Properly designing a study or an experiment requires that you’ve already thought about the question – the population of interest, the parameter of interest, the interesting and uninteresting hypotheses, the necessary level of confidence.

Check conditions:

There are some “distribution-free” and “nonparametric” tests that rely on fewer conditions. Bootstrapping is in this category, along with some other things. Most of them are, alas, beyond the scope of this course, but keep an eye out for a possible Stat elective later in life!

Most inference tests rely on certain assumptions and conditions. You may recall phrases like “nearly normal condition” or “constant variance” or “large enough sample.” Which test you’re doing determines which conditions you care about.

For a mean, we generally care about the condition of Normality. That is: do the individual data points come from a roughly Normal distribution? And if they don’t, is our sample size large enough that the Central Limit Theorem will kick in and save us?

Let’s check it for blood pressure. I’m pulling a sample of 250 people from the NHANES public health study.

library(NHANES)
set.seed(2) # force R to take the same "random" sample every time the code runs!
sam_NHANES = NHANES %>%
  filter(!is.na(BPSysAve)) %>% # only include people who *have* BP measurements
  slice_sample(n = 250, replace = FALSE)

Let’s check a histogram of systolic blood pressure:

sam_NHANES %>%
  ggplot() +
  geom_histogram(aes(x = BPSysAve), bins = 20)
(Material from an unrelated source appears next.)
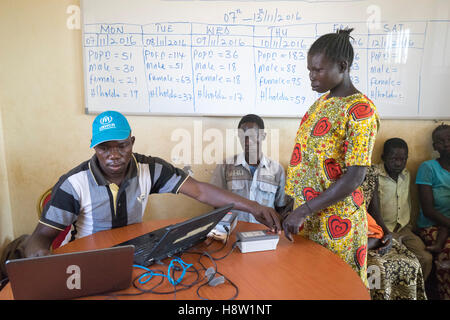 Sur les frontières du Soudan du Sud et en Ouganda. La prise des empreintes digitales, travailleur du HCR avant que le réfugié est admis dans l'Ouganda. Banque D'Images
Mmm. Not super normal, really. Recall the “shape, center, and spread” catchphrase for describing distributions. The shape of this distribution is not very symmetric, like a Normal would be; instead it’s skewed right.

To confirm, we could try a Normal probability plot or QQ plot. If you haven’t met these before, basically, they compare the quantiles from my sample to the quantiles of a Normal distribution. If my sample values follow a Normal distribution, the points will more or less fall along a straight line.

sam_NHANES %>%
  ggplot(aes(sample = BPSysAve)) + # specifying aes() here means *all* the later commands will use it
  stat_qq() +
  stat_qq_line()

Again, not so great. QQ plots always look a bit funky out at the tails, but a big curve like this is a definite indication of non-Normality.

You may recall that one way of dealing with this is to try a transformation on the data. We’ll see this again in the future, but for now, I’ll try taking the log of the values:

sam_NHANES = sam_NHANES %>% mutate("logBPSysAve" = log(BPSysAve))

sam_NHANES %>%
  ggplot() +
  geom_histogram(aes(x = logBPSysAve), bins = 20)

sam_NHANES %>%
  ggplot(aes(sample = logBPSysAve)) +
  stat_qq() +
  stat_qq_line()

Well, not perfect, but better. Probably good enough; with a sample size of 250, my analysis should be pretty robust to non-Normality.

I don’t see any other concerning behavior, like extreme outliers, multiple modes, or weird gaps, so I’d say we’re good on the nearly-Normal side of things.

There’s one assumption that you may remember cropping up in all the inference tests, no matter what parameter you were investigating: independent observations. Since we’re working with observational data, we want to know that we got a nice, random, unbiased sample – we didn’t, say, sample a bunch of people from the same family or something. We’ll have to trust the NHANES study designers on that, so on we go!

Find the test statistic, and its sampling distribution under \(H_0\)

A statistic is any value you calculate from your data, and a test statistic is a statistic you calculate to help you do a test.

For a mean, the test statistic is the \(t\) statistic. You start with the sample mean \(\bar{y}\), then standardize it: \[ t = \frac{\bar{y} - \mu_0}{s/\sqrt{n}} \]

Here, \(\mu_0\) is the null value of the parameter – in our example, \(H_0\) was that the true average blood pressure was 120. But remember, we took a log! If the average blood pressure is 120, the average log blood pressure is \(\log(120)\). So our \(\mu_0\) is \(\log(120)\), which is about 4.8. That \(s\) in the denominator is the sample standard deviation. Using \(s\) here instead of \(\sigma\), the true population SD, is why this is a \(t\) statistic and not a Normal, or \(z\), statistic!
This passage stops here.